+++ Material supplied +++

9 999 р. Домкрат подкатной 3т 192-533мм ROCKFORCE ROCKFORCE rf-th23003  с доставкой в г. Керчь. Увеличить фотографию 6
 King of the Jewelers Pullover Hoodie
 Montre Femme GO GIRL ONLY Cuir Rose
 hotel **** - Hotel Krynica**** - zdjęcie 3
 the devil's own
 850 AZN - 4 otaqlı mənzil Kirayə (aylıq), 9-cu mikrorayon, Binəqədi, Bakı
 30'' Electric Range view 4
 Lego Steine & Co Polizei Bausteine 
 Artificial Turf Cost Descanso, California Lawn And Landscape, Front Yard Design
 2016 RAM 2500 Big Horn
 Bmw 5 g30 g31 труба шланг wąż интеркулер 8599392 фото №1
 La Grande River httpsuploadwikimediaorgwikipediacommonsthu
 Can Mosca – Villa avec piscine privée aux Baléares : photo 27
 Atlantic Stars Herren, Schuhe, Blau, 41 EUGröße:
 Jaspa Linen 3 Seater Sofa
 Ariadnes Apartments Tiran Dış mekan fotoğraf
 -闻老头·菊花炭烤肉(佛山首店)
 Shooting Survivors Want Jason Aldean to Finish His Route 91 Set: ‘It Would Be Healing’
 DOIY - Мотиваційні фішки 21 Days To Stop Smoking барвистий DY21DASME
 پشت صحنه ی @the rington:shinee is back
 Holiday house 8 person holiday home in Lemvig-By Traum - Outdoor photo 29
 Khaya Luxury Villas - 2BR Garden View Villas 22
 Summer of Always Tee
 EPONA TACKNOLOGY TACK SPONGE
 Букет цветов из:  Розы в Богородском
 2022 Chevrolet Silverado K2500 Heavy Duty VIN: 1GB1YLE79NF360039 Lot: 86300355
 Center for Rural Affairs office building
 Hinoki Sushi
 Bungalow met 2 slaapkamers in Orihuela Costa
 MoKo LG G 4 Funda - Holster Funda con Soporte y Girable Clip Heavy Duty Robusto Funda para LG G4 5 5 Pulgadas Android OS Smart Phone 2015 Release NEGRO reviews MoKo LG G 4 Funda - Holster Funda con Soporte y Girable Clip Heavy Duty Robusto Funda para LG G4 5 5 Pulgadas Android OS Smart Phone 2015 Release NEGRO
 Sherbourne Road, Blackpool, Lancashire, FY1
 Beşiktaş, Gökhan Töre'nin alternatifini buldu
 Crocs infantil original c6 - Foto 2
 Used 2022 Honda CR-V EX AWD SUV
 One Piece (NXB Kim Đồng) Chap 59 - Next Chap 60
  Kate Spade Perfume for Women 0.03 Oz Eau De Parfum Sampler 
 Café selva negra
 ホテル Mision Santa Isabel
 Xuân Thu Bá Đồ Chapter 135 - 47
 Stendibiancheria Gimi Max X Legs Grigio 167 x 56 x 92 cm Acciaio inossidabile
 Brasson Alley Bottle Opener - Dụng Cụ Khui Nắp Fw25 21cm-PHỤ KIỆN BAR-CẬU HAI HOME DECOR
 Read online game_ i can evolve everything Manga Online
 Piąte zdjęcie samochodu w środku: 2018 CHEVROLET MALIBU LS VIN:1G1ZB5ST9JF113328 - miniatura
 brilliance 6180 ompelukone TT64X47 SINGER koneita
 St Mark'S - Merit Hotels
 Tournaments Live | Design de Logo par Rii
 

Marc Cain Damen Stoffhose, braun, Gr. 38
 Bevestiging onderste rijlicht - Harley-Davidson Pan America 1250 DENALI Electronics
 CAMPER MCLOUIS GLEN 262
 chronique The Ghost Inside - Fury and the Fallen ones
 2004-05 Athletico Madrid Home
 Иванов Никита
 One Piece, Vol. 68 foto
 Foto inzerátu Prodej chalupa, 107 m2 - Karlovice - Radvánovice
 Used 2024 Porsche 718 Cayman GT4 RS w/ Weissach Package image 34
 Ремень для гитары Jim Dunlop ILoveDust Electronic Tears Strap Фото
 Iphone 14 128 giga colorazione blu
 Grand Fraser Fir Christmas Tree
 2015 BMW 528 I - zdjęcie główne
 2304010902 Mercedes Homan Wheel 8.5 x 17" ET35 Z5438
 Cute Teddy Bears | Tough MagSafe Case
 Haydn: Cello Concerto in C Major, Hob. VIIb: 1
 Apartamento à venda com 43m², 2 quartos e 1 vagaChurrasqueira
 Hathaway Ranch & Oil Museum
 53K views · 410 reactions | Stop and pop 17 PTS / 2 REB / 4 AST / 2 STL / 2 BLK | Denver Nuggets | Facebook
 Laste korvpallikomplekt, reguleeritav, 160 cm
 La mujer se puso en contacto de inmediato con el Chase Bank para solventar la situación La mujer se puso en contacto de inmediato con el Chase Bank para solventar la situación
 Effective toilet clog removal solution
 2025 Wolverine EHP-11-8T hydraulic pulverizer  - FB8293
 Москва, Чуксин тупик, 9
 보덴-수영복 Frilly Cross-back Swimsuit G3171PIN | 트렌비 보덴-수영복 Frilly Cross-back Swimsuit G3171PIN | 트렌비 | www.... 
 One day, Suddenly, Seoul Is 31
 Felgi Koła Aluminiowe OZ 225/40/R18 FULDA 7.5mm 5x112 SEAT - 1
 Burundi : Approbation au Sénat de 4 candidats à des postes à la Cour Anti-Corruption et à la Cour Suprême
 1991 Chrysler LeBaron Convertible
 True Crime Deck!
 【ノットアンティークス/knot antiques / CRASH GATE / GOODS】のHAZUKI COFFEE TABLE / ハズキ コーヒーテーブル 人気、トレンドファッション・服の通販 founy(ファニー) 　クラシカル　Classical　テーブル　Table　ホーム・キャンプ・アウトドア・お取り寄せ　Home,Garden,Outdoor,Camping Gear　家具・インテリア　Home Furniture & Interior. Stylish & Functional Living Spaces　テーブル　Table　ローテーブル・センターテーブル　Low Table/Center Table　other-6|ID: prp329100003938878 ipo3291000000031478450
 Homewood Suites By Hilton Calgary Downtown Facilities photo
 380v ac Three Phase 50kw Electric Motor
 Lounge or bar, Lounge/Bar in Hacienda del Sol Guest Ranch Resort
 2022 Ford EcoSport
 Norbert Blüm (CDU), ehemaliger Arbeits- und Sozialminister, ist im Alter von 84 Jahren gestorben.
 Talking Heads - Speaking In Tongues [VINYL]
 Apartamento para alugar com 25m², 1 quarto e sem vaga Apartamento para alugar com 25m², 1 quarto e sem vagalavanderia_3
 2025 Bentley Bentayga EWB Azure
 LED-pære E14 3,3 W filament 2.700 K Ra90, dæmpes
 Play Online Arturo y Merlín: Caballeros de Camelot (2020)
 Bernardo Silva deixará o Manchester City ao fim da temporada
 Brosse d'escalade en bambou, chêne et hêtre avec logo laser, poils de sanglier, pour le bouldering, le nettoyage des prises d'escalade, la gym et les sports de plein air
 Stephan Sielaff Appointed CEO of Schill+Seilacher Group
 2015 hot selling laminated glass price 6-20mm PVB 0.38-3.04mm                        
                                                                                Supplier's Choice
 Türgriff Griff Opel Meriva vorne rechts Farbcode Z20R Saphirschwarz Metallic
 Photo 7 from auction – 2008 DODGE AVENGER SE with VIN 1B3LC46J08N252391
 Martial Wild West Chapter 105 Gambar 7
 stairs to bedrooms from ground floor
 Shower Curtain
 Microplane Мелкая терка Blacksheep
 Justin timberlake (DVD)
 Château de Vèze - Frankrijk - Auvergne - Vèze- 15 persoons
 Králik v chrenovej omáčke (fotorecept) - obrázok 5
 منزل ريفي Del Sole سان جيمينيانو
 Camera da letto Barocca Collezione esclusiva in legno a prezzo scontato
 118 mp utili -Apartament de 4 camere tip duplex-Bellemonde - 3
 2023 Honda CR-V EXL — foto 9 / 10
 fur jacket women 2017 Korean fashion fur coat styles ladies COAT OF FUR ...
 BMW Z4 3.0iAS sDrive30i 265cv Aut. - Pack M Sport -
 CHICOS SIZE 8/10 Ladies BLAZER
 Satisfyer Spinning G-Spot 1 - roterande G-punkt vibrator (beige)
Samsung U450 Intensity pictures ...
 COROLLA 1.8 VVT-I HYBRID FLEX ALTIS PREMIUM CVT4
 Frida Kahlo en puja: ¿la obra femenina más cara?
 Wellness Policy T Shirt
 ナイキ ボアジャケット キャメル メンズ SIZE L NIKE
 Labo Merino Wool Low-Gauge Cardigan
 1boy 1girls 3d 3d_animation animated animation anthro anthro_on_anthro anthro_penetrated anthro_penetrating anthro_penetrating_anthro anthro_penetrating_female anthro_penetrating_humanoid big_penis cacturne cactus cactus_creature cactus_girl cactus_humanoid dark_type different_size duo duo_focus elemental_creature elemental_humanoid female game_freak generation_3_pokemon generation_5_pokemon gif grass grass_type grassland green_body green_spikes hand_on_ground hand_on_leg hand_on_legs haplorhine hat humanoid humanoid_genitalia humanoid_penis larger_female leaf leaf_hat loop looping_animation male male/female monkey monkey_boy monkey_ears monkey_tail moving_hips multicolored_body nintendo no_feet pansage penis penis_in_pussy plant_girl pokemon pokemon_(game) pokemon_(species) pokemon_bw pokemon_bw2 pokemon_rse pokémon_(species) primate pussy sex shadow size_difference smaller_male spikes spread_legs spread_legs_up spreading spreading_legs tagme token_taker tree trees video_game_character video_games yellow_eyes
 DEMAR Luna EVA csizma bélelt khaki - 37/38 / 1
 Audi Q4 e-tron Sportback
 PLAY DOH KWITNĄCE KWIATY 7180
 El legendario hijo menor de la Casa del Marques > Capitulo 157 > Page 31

+++

> _Try it_
Using the data above, repeat exactly the lines that begin at the line with "Montre Femme GO GIRL ONLY Cuir Rose" and end at the line with "Tournaments Live | Design de Logo par Rii", both ends included.

> _Written solution_
 Montre Femme GO GIRL ONLY Cuir Rose
 hotel **** - Hotel Krynica**** - zdjęcie 3
 the devil's own
 850 AZN - 4 otaqlı mənzil Kirayə (aylıq), 9-cu mikrorayon, Binəqədi, Bakı
 30'' Electric Range view 4
 Lego Steine & Co Polizei Bausteine 
 Artificial Turf Cost Descanso, California Lawn And Landscape, Front Yard Design
 2016 RAM 2500 Big Horn
 Bmw 5 g30 g31 труба шланг wąż интеркулер 8599392 фото №1
 La Grande River httpsuploadwikimediaorgwikipediacommonsthu
 Can Mosca – Villa avec piscine privée aux Baléares : photo 27
 Atlantic Stars Herren, Schuhe, Blau, 41 EUGröße:
 Jaspa Linen 3 Seater Sofa
 Ariadnes Apartments Tiran Dış mekan fotoğraf
 -闻老头·菊花炭烤肉(佛山首店)
 Shooting Survivors Want Jason Aldean to Finish His Route 91 Set: ‘It Would Be Healing’
 DOIY - Мотиваційні фішки 21 Days To Stop Smoking барвистий DY21DASME
 پشت صحنه ی @the rington:shinee is back
 Holiday house 8 person holiday home in Lemvig-By Traum - Outdoor photo 29
 Khaya Luxury Villas - 2BR Garden View Villas 22
 Summer of Always Tee
 EPONA TACKNOLOGY TACK SPONGE
 Букет цветов из:  Розы в Богородском
 2022 Chevrolet Silverado K2500 Heavy Duty VIN: 1GB1YLE79NF360039 Lot: 86300355
 Center for Rural Affairs office building
 Hinoki Sushi
 Bungalow met 2 slaapkamers in Orihuela Costa
 MoKo LG G 4 Funda - Holster Funda con Soporte y Girable Clip Heavy Duty Robusto Funda para LG G4 5 5 Pulgadas Android OS Smart Phone 2015 Release NEGRO reviews MoKo LG G 4 Funda - Holster Funda con Soporte y Girable Clip Heavy Duty Robusto Funda para LG G4 5 5 Pulgadas Android OS Smart Phone 2015 Release NEGRO
 Sherbourne Road, Blackpool, Lancashire, FY1
 Beşiktaş, Gökhan Töre'nin alternatifini buldu
 Crocs infantil original c6 - Foto 2
 Used 2022 Honda CR-V EX AWD SUV
 One Piece (NXB Kim Đồng) Chap 59 - Next Chap 60
  Kate Spade Perfume for Women 0.03 Oz Eau De Parfum Sampler 
 Café selva negra
 ホテル Mision Santa Isabel
 Xuân Thu Bá Đồ Chapter 135 - 47
 Stendibiancheria Gimi Max X Legs Grigio 167 x 56 x 92 cm Acciaio inossidabile
 Brasson Alley Bottle Opener - Dụng Cụ Khui Nắp Fw25 21cm-PHỤ KIỆN BAR-CẬU HAI HOME DECOR
 Read online game_ i can evolve everything Manga Online
 Piąte zdjęcie samochodu w środku: 2018 CHEVROLET MALIBU LS VIN:1G1ZB5ST9JF113328 - miniatura
 brilliance 6180 ompelukone TT64X47 SINGER koneita
 St Mark'S - Merit Hotels
 Tournaments Live | Design de Logo par Rii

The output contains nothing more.